Saturday, November 8, 2014: 8:30 AM-10:00 AM
Dona Ana (Convention Center)

*Names in bold indicate Presenter

Panel Organizers:  Christina LiCalsi-Labelle, Northwestern University
Panel Chairs:  Cassandra Hart, University of California, Davis
Discussants:  Erin Dunlop Velez, American Institutes for Research


The Effect of Florida's Third Grade Retention Policy on High School Course-Taking and Graduation
Guido Schwerdt, LFO Institute for Economic Research, Marcus Winters, University of Colorado, Colorado Springs and Martin West, Harvard University


Recent years have seen a dramatic expansion in the number of states and school districts requiring students to demonstrate basic proficiency on standardized tests in certain grades and subjects in order to be default promoted to the next grade level. Such test-based promotion policies aim to end the common practice of social promotion, or advancing students to the next grade level even if they are academically unprepared. Test-based promotion policies have been in effect for several years in Florida, New York City, and Chicago; they were recently adopted by Oklahoma, Arizona, Colorado, and Indiana; and other states including Ohio, North Carolina, Iowa, New Mexico, and Tennessee are considering similar legislation. Each of these policies focuses at least in part on retaining students who have not demonstrated basic reading proficiency in third grade, often considered a key milestone in students’ academic development. This panel includes three studies which examine various consequences of Florida’s statewide reading test-score based third grade retention policy.
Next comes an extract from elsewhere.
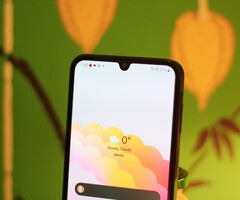 三星Galaxy A15 4G 经过三星的大幅升级，现在已经能够超越许多同类设备。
Because the Florida policy relies on a strict score cutoff for determining retention, all three studies employ fuzzy regression-discontinuity designs to determine causal impacts of Florida’s policy. The first study uses linked educational records and birth records to examine the impact of maternal education on the implementation and effectiveness of the Florida retention policy. The second study investigates the impact of the policy on later student misbehavior. The third study looks at the policy’s impact on students’ course choices in high school and their probability of on-time graduation.